Enhancement to all Groovy Editing Interfaces to allow easy use of External Groovy Editors

      In all cases the Jenkins Groovy editors are limited. No, I am not asking for more features for the editor itself, but it occurs to me that a fairly simple enhancement to all of these interfaces could make it very easy to hop in/out of your favorite Groovy Editor; Mine is Netbeans.

      Like most editors, Netbeans monitors the disk to notice if the file has been changed outside the editor.

      So if Script Console for instance would after 5 seconds of no typing, save the file to %JENKINS_HOME%/GroovyScript/ScriptConsole.groovy (or whatever) ... I could then stop typing and almost immediately have the current script in Netbeans (assuming Netbeans currently had that file open). Similarly then, once I finish all my auto-tab, intellisensed changes in Netbeans, I hit "save" and the Groovy Console could then pull back in my changes and I could run them.
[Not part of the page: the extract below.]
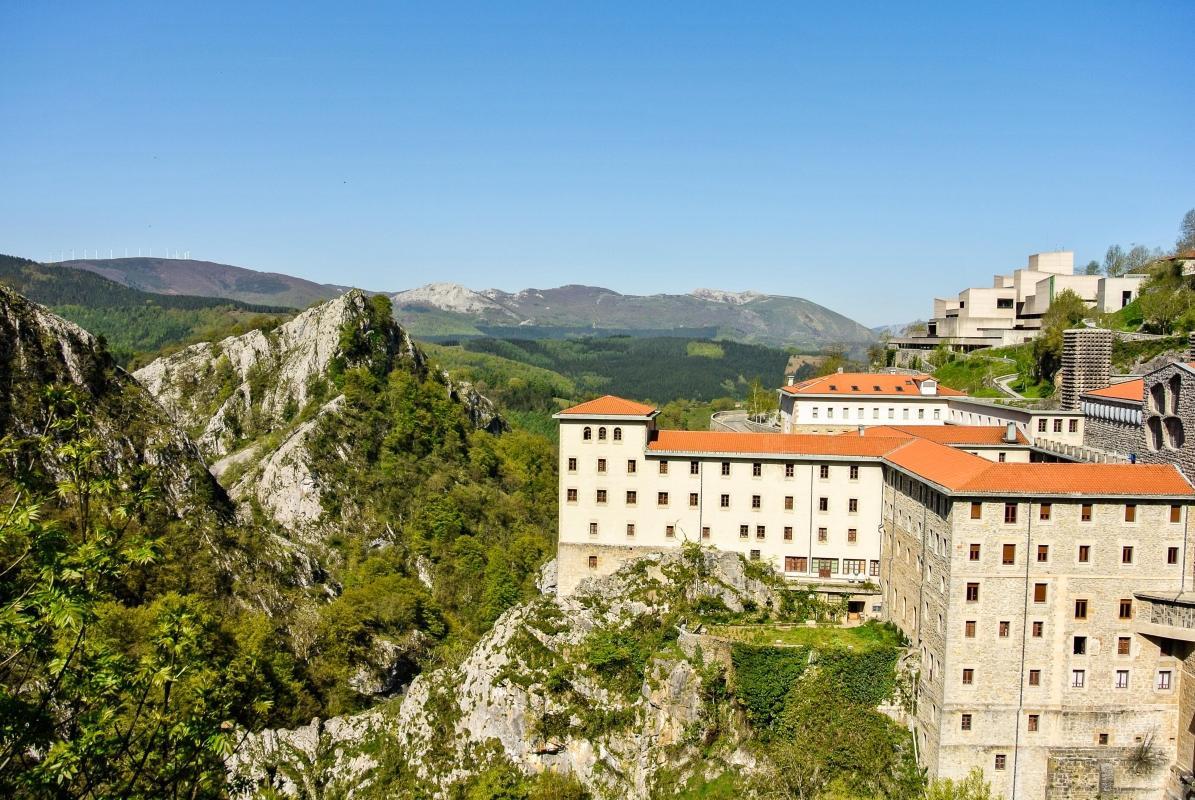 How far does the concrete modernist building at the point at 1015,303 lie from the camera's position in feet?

I could easily make changes in either editor as was most convenient and jump back and forth without all the usual copy/paste nonsense.

      Script Console could even offer the previous script back on the start of a new session.
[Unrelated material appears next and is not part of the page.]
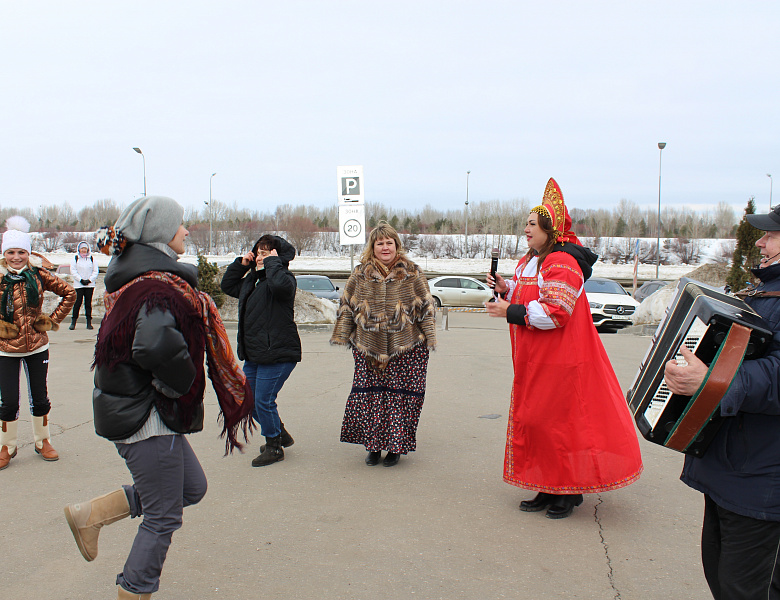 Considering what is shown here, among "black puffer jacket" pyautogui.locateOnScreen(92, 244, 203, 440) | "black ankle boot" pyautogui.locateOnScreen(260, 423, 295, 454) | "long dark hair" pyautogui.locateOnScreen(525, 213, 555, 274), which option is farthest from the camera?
"black ankle boot" pyautogui.locateOnScreen(260, 423, 295, 454)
      Groovy Postbuild has the additional issue that Postbuild is on a job by job basis, so it save area might be %JENKINS_HOME%/GroovyScript/%ITEM_ROOTDIR.groovy. (The name isn't important, but you get the idea).

      Scriptler in a sense already has the files saved, but in an XML file with lots of other metadata that gets in the way. It might save a "clean" version of the groovy in %JENKINS_HOME%/GroovyScript/Scripter.groovy. It would not need to offer all the scripts this way . . . only the script currently being edited.
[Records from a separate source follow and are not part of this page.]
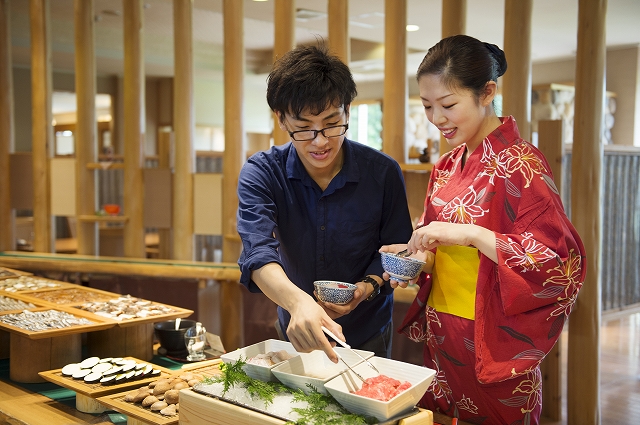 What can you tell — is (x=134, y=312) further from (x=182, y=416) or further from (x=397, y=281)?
(x=397, y=281)

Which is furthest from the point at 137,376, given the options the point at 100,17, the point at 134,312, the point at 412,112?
the point at 412,112

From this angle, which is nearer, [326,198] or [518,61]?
[326,198]

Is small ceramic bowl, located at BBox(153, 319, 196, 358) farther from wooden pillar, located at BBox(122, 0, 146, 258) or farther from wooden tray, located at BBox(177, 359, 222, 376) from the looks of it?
wooden pillar, located at BBox(122, 0, 146, 258)

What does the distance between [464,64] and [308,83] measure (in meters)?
0.43

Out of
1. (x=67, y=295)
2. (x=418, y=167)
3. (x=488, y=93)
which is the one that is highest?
(x=488, y=93)

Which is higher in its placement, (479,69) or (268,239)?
(479,69)

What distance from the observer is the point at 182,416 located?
159cm

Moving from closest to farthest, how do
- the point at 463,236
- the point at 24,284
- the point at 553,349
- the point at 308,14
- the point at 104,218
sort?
1. the point at 463,236
2. the point at 24,284
3. the point at 553,349
4. the point at 104,218
5. the point at 308,14

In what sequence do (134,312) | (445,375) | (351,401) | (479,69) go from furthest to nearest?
(134,312)
(445,375)
(479,69)
(351,401)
          [JENKINS-17418] Enhancement to all Groovy Editing Interfaces to allow easy use of External Groovy Editors

          Scripler saves its scripts on a local git repo in the file system, this git repo is even exposed via http/ssh.
          I don't see any better way to do this, specially because in a typical use case Jenkins is installed on a server and not on the local PC/Mac with Netbeans/Eclipse installed.

          Dominik Bartholdi added a comment - Scripler saves its scripts on a local git repo in the file system, this git repo is even exposed via http/ssh. I don't see any better way to do this, specially because in a typical use case Jenkins is installed on a server and not on the local PC/Mac with Netbeans/Eclipse installed.

          ikedam added a comment -

          Groovy-postbuild delegates textareas for groovy script to script-security plugin since 2.0.

          I removed groovy-postbuild from components and added script-security instead.

          ikedam added a comment - Groovy-postbuild delegates textareas for groovy script to script-security plugin since 2.0. I removed groovy-postbuild from components and added script-security instead.

          JT Moree added a comment -

          +1 on improving the groovy editor experience.  It is extremely painful to use since the bootstrap based layout of the application wont let me widen the editor.  I can make it taller but not wider.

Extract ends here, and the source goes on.